What is your vision for how the southern border could be transformed?
Borders are not immutable. They can give birth to places of friction, which could offer an alternative to a mimicry or antagonism. Twin cities that have developed asymmetrically on both sides of the border, however sharing the same geography and culture, may have fewer differences than two cities of the same country.
The participants have all the freedom to bring an architectural and/or urban response to the issues that are contemplated and raised by the problem of the USA/ Mexico border, be it at a specific location, a portion of it, or its entirety. They will determine which scale is the most relevant to answer the raised issues or the questions that they will have asked themselves, or that actually occur on site.
Studying borders specifically makes it possible to focus on political, economic, social and environmental parameters that are constantly changing, evolving and renewing, all of which serve as a pretext for developing innovative responses, flexibility, hybridity and reversibility of different programs and uses.
What sort of architects and designers are you hoping will apply?
The idea is not to remain passive witnesses, but stakeholders in the project who take a responsibility to re-examine the hackneyed models. The goal of the competition is not an end in itself, but to be prolonged by debates, diffusions, and publications with the widest public, those who think and build the city, the elected representatives, businesses, and its inhabitants and users.
Which other design opportunities are on the horizon and how will the architects/designers be procured?

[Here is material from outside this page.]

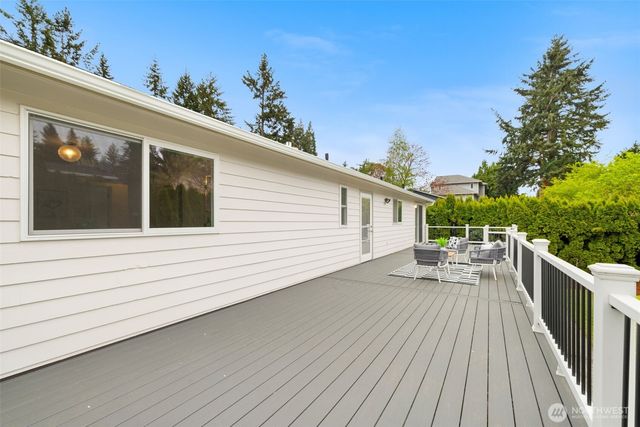 7424 NE 120th Street, Kirkland, WA 98034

The aim is to feed an architectural manifesto. Exacerbation, exaggeration of recurrent figures, of architectural archetypes (museum, concert hall, university, housing, detention centre, prison, transportation infrastructure …), that are seen as so many urban instruments or devices that each raises the question of limit, of the urban/territorial transition and of the social control of its users/inhabitants, and that have a tendency to renovate, catalyse, and hybridize the different layers that make the density of the city in order to enact strategies of urban local appropriation and insertion that are incorporated in urban scenarios of metropolitan and regional integration.
The border offers a concealed potential site on standby, which relates to a true space of negotiation in gestation, an in-between fixed by collective rituals and by power struggles. Borders offer many fictional projection interfaces and transpositions of urban problems on a piece of land, open to new ways of the use
Are there any other border crossing projects you have been impressed by?
What impresses us is not so much another border crossing project as the paradoxes and aporia of power, with the announced end of borders, virtually enabled by technology, which erases the limits to very intense international exchanges of all kinds (financial flows, goods … ) and at the same time the acceleration of the narrowing and physical closure of borders.